Go to the line with "RailScales Scout Pro" in the entries below and write out every line from there through the line with "Ariat Women's Tracey", exactly and without pictures.

Short web captions
---

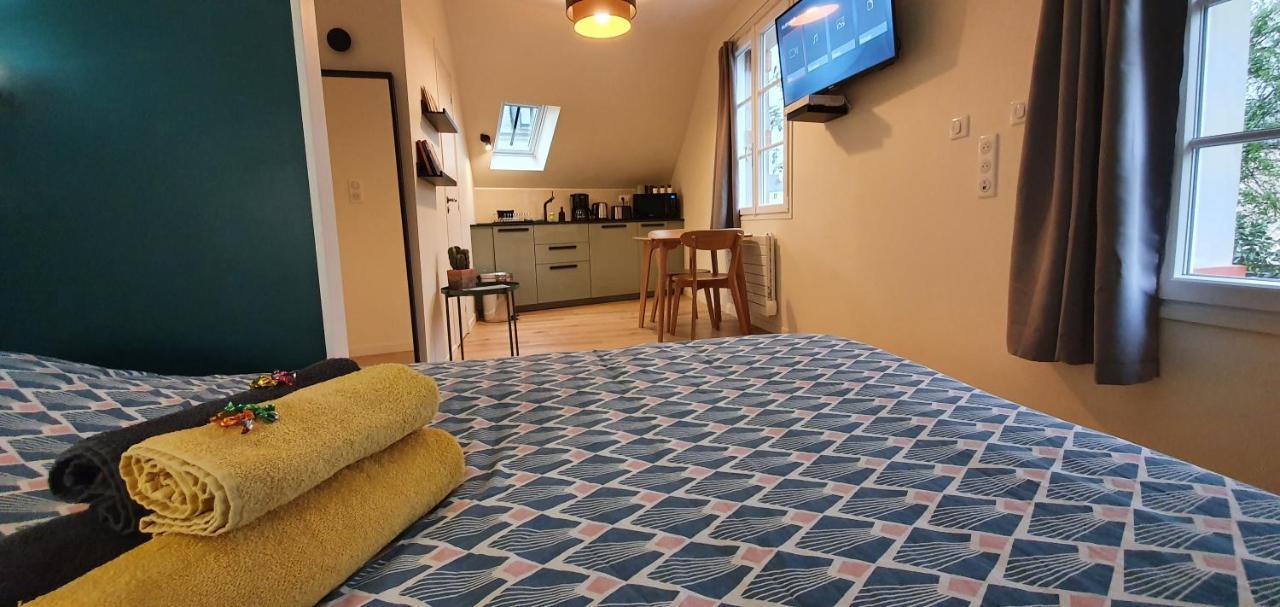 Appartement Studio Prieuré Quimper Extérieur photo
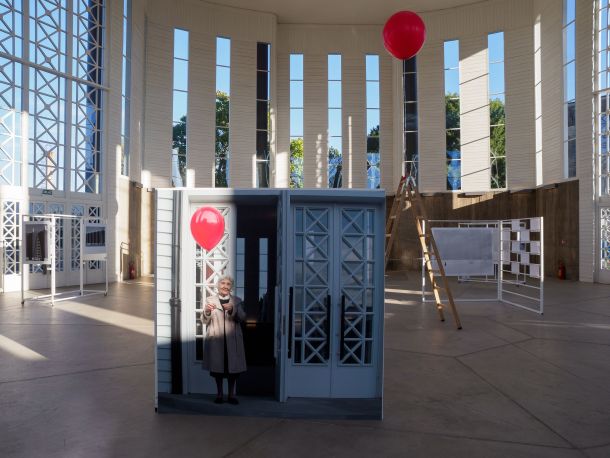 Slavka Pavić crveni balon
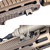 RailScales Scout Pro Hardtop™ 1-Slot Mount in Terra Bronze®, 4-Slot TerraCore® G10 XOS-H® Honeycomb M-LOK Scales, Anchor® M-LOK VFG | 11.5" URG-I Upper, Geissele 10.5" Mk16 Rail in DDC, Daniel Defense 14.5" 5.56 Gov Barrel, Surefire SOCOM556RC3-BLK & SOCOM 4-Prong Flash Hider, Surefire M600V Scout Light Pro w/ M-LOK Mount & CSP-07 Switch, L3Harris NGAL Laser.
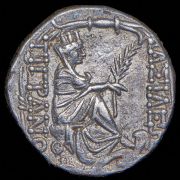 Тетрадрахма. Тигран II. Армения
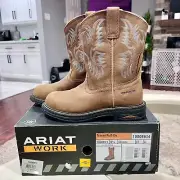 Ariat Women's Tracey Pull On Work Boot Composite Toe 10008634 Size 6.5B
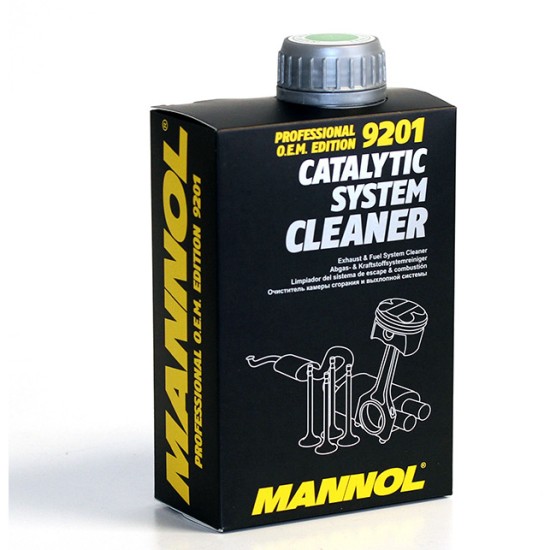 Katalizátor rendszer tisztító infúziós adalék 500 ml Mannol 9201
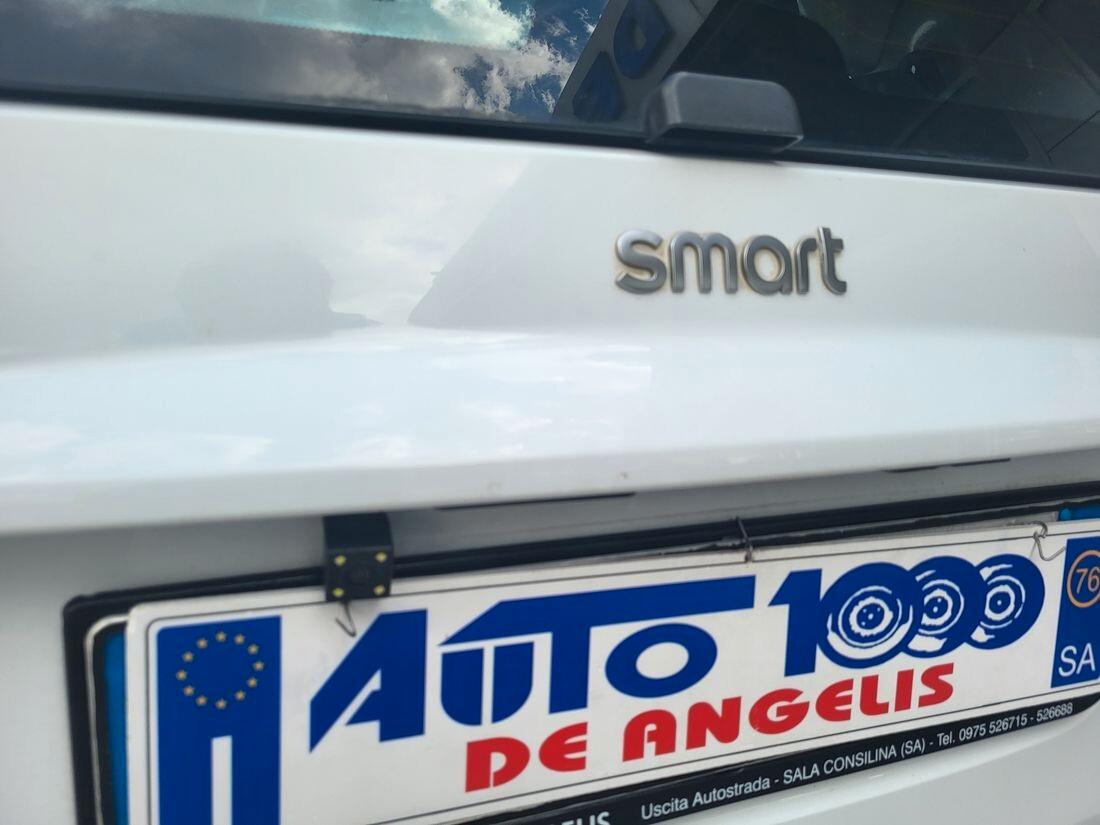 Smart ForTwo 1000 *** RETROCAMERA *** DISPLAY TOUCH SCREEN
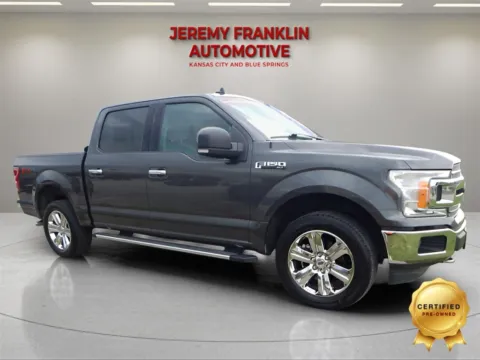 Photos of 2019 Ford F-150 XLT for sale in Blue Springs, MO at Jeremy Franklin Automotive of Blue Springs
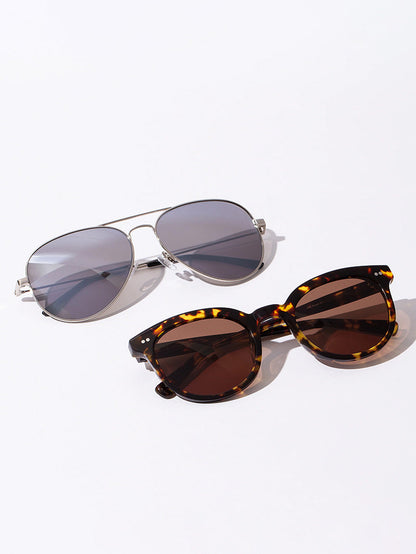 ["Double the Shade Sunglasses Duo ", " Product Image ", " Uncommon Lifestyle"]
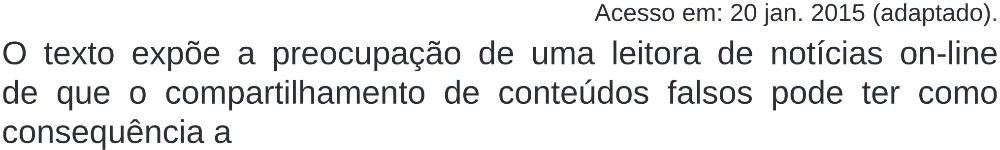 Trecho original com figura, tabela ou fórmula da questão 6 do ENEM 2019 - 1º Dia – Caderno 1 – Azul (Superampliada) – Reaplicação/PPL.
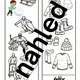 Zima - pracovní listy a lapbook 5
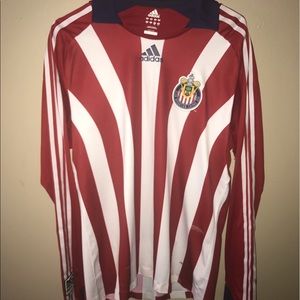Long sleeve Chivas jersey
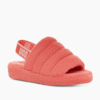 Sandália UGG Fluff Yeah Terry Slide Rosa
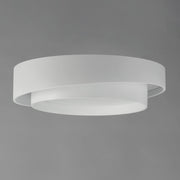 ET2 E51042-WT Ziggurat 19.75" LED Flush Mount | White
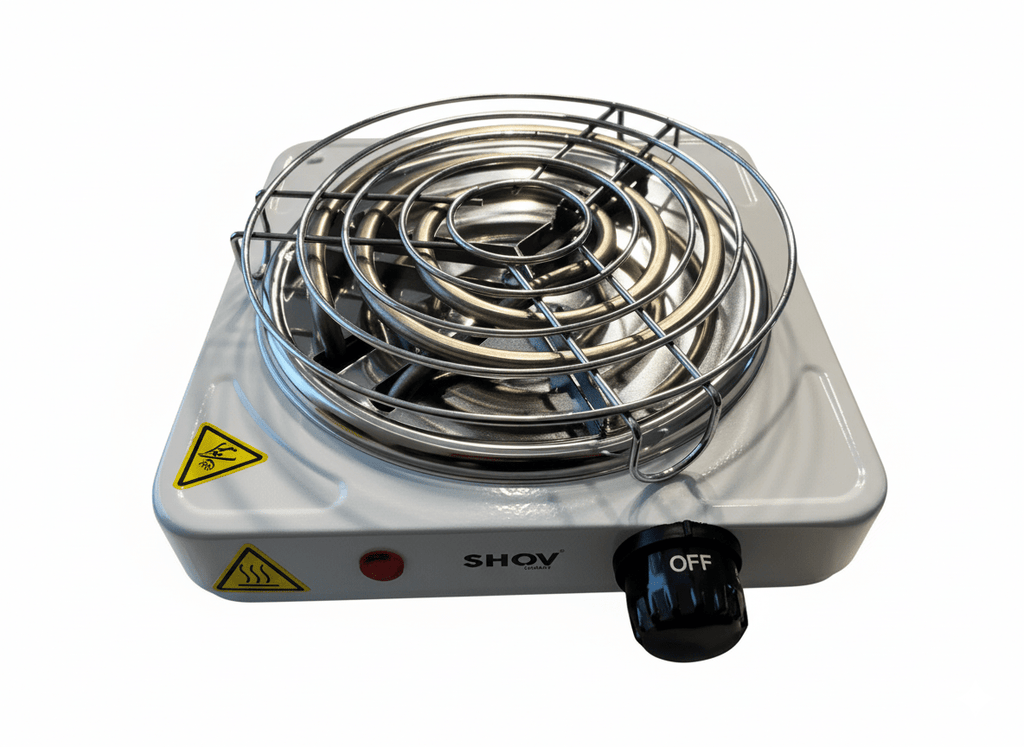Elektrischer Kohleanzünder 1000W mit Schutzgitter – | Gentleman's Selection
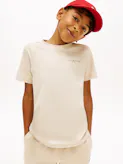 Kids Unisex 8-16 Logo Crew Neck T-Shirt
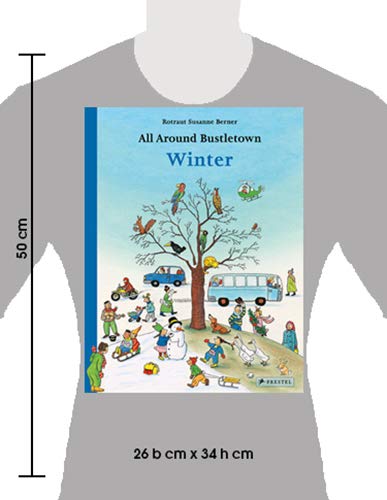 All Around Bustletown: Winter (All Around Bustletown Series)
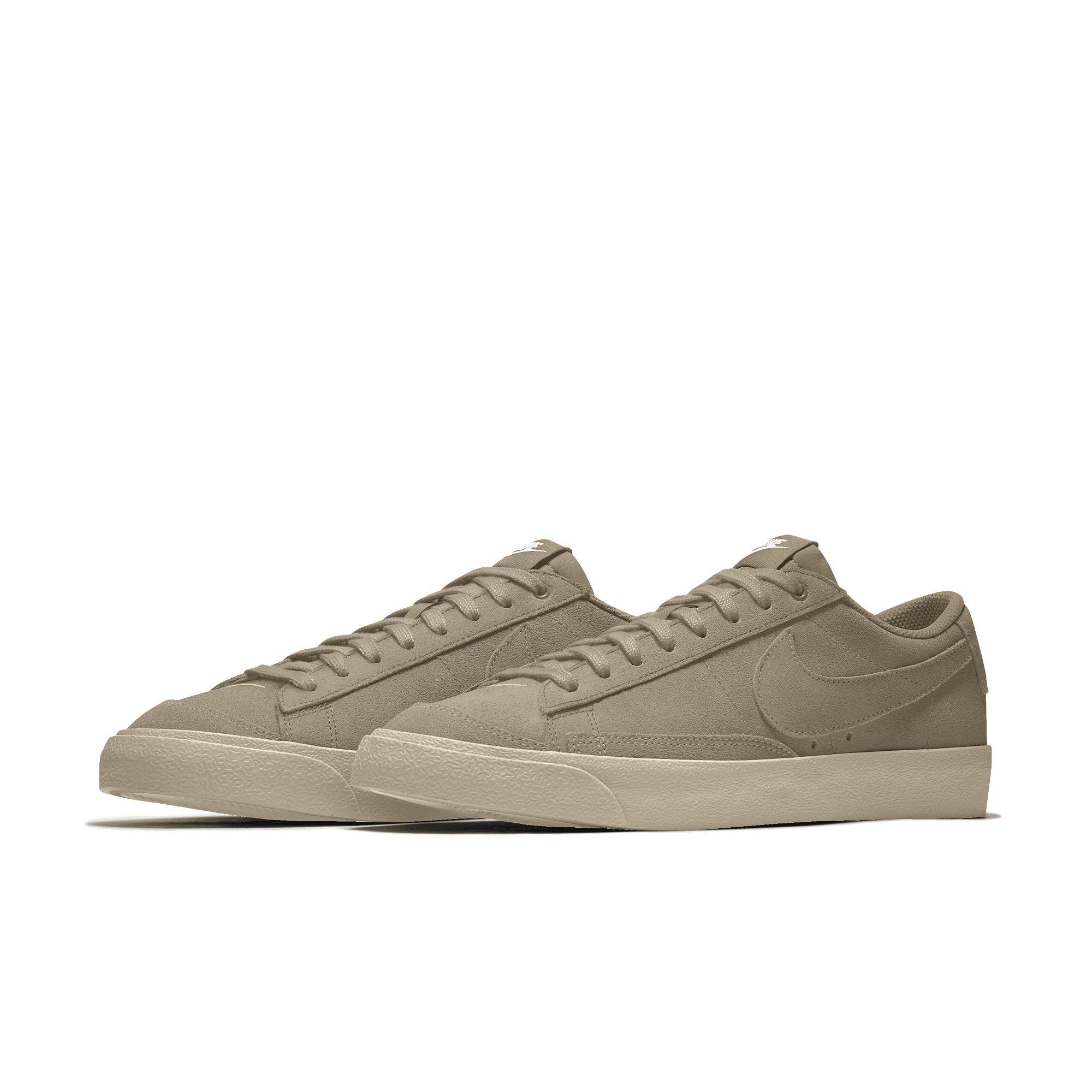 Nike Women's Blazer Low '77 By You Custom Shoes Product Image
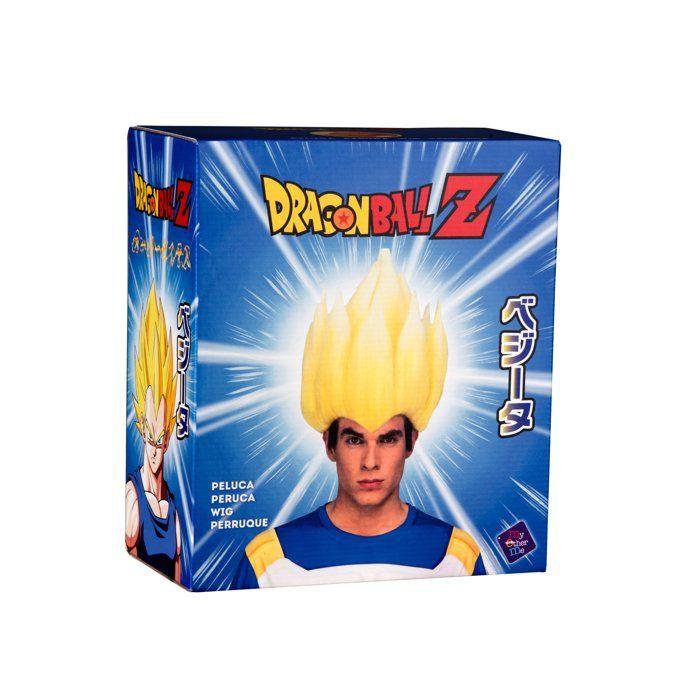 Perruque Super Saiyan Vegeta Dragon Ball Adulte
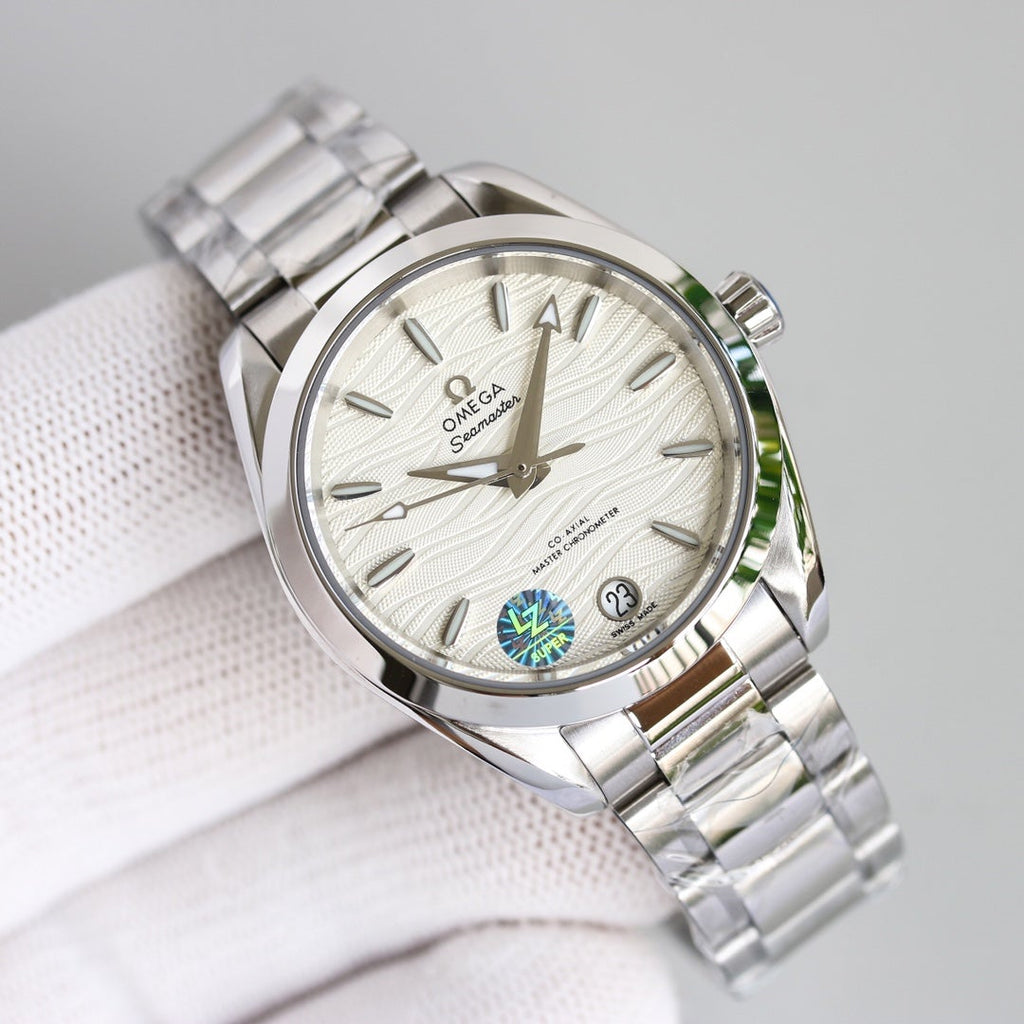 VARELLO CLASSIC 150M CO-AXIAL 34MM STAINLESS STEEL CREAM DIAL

---

__SOLUTION TO THIS TASK__:
 RailScales Scout Pro Hardtop™ 1-Slot Mount in Terra Bronze®, 4-Slot TerraCore® G10 XOS-H® Honeycomb M-LOK Scales, Anchor® M-LOK VFG | 11.5" URG-I Upper, Geissele 10.5" Mk16 Rail in DDC, Daniel Defense 14.5" 5.56 Gov Barrel, Surefire SOCOM556RC3-BLK & SOCOM 4-Prong Flash Hider, Surefire M600V Scout Light Pro w/ M-LOK Mount & CSP-07 Switch, L3Harris NGAL Laser.
 Тетрадрахма. Тигран II. Армения
 Ariat Women's Tracey Pull On Work Boot Composite Toe 10008634 Size 6.5B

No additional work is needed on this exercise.